Wednesday, May 27, 2009

Missing Mythology in RPGs

One of the things I've always said was wrong with most RPG settings, and I've always said I'd get around to fixing for mine (and maybe I have--Monday RMers beware, mwahahaha), is the lack of mythology. That may sound weird when you're talking about worlds where dragons and manticores exist. But that's exactly what I'm talking about: it all exists. There are no quaint superstitions about faeries when the GM and players can open up the rulebook and say, "Yep. Right here on page 145: dryads."

Same thing when you're doing other types of game.
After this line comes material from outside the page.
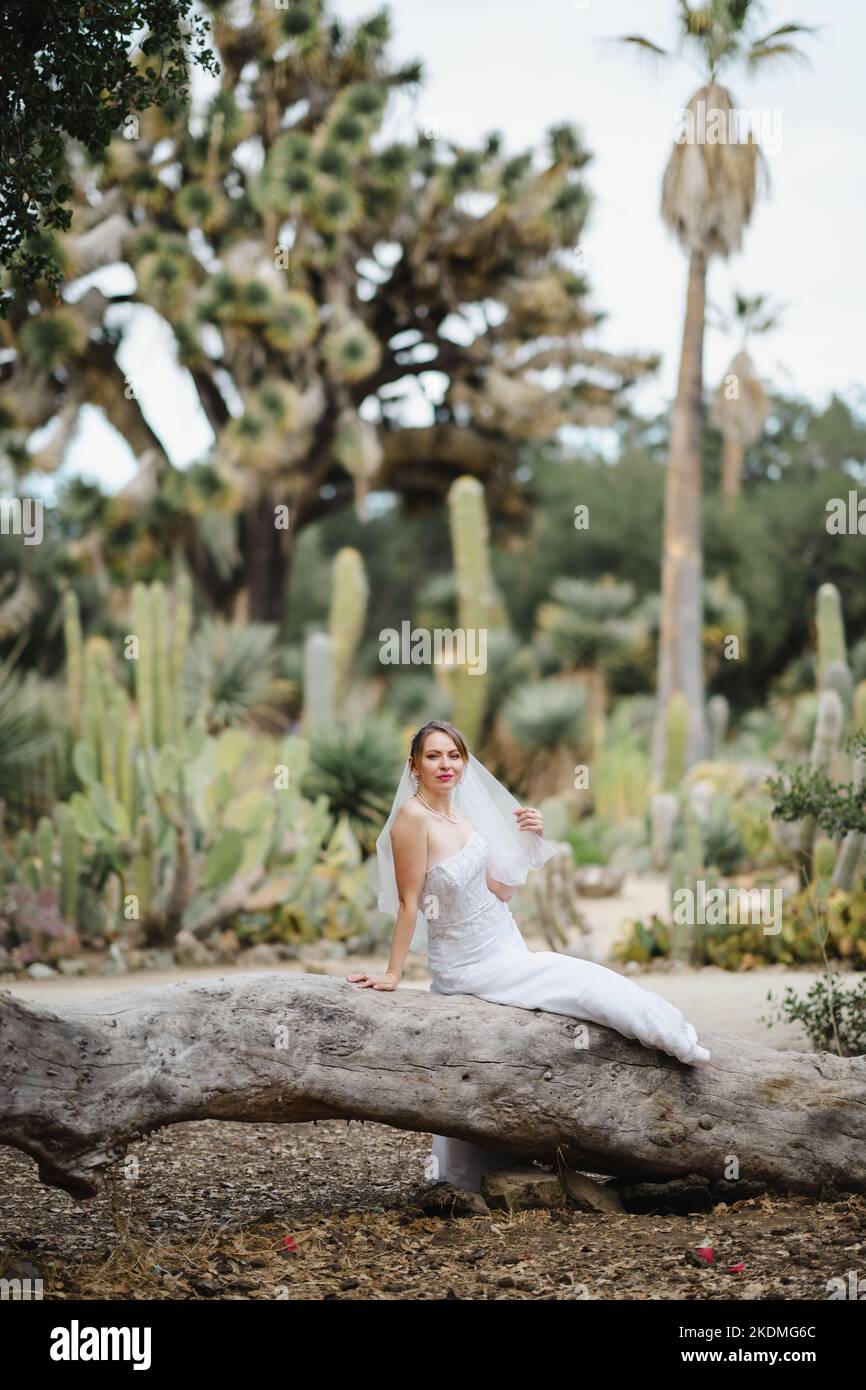 Bride Seated on Large Fallen Tree in Cactus Garden Stock Photo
If you're running a modern-day thing, and there are news reports about a series of UFO sightings, your players will say, "Yep. We're gonna be goin up against aliens."

Dreams and visions have a similar hangup. Players will pay close attention any time you say, "Your character, Master Pu, has a dream..." They do this because they know dreams and visions are always prophetic and meaningful.
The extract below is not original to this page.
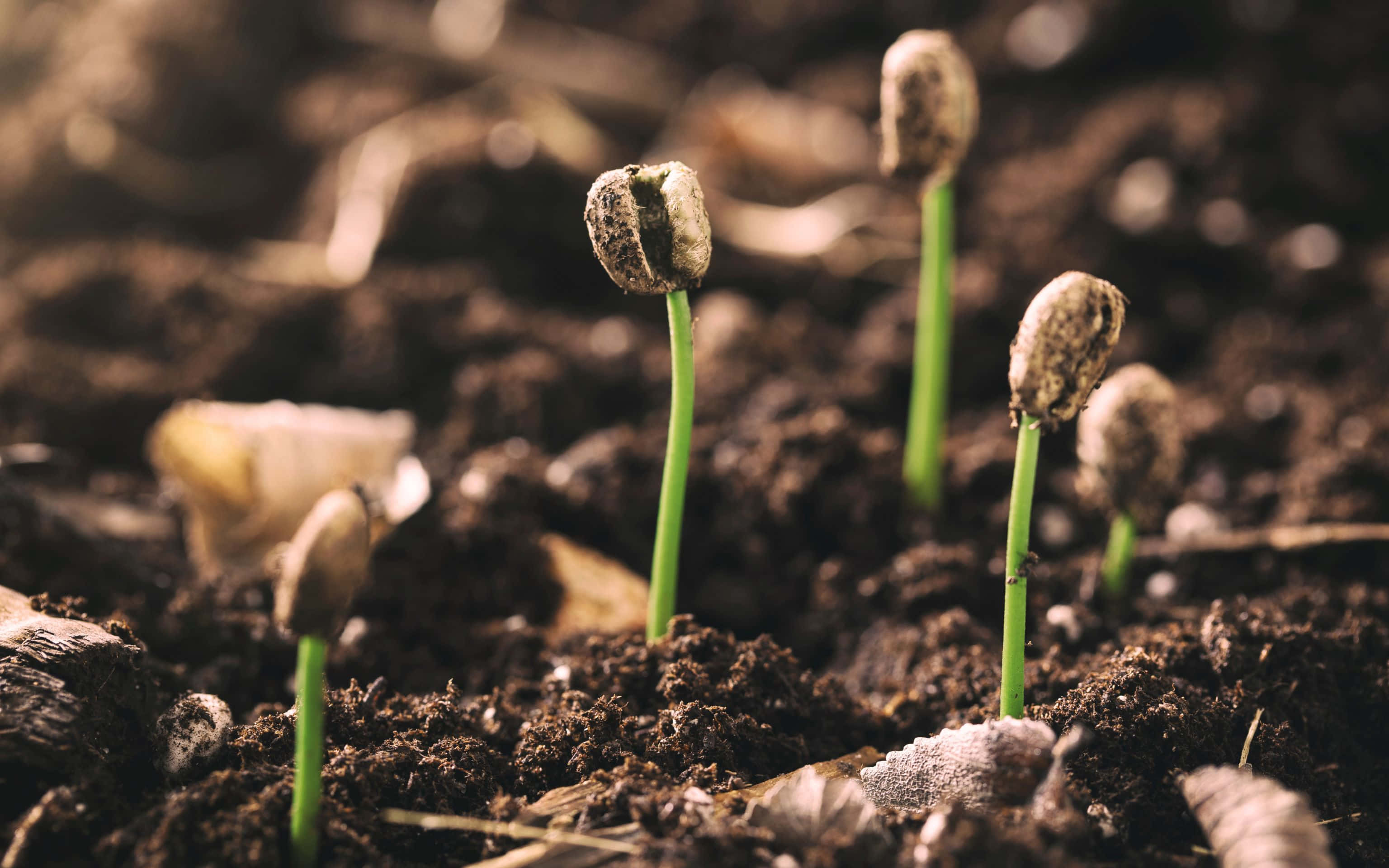 3072x1920, brightly coloured flowers, green sprouts, 2K Desktop Wallpaper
Friends when you're putting together a campaign world, remember to leave a bit of the mythological to myth. Just don't tell your players. :-)
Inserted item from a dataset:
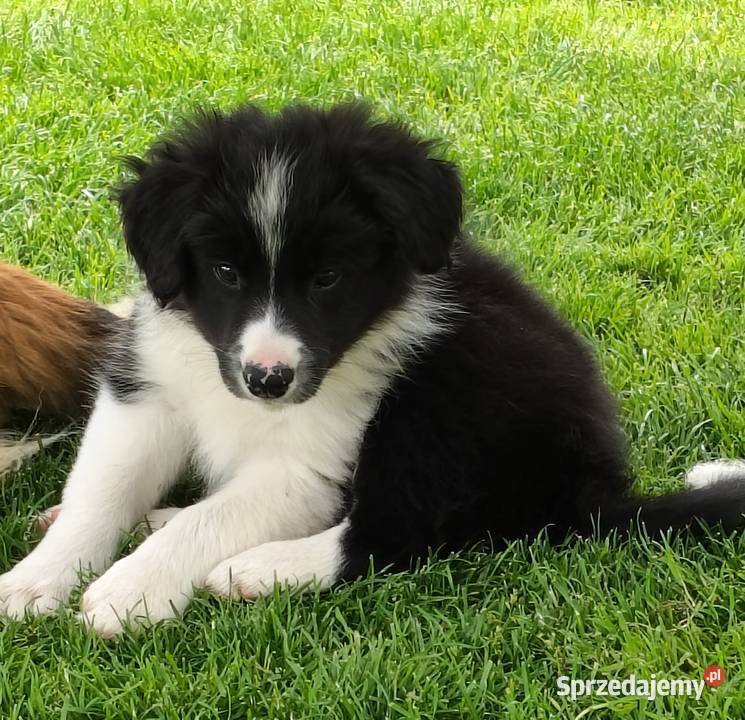 Szczeniak Border Collie ZKwP FCI Kolonowskie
And this week's bonus observation: Certain people on certain forums where most readers of a certain blog hang out seem to always make posts that are contrary to the general consensus. Hey, this is fine. Be an individual. State your opinion. Its a free world we live in. I'm talking about the ones who always disagree with anything anyone has to say. Now I'm neither a statistician nor a psychologist, but it would seem to me that the law of averages says given enough time they'd have to agree with someone else sometime. I ask you, dear friends: why don't they?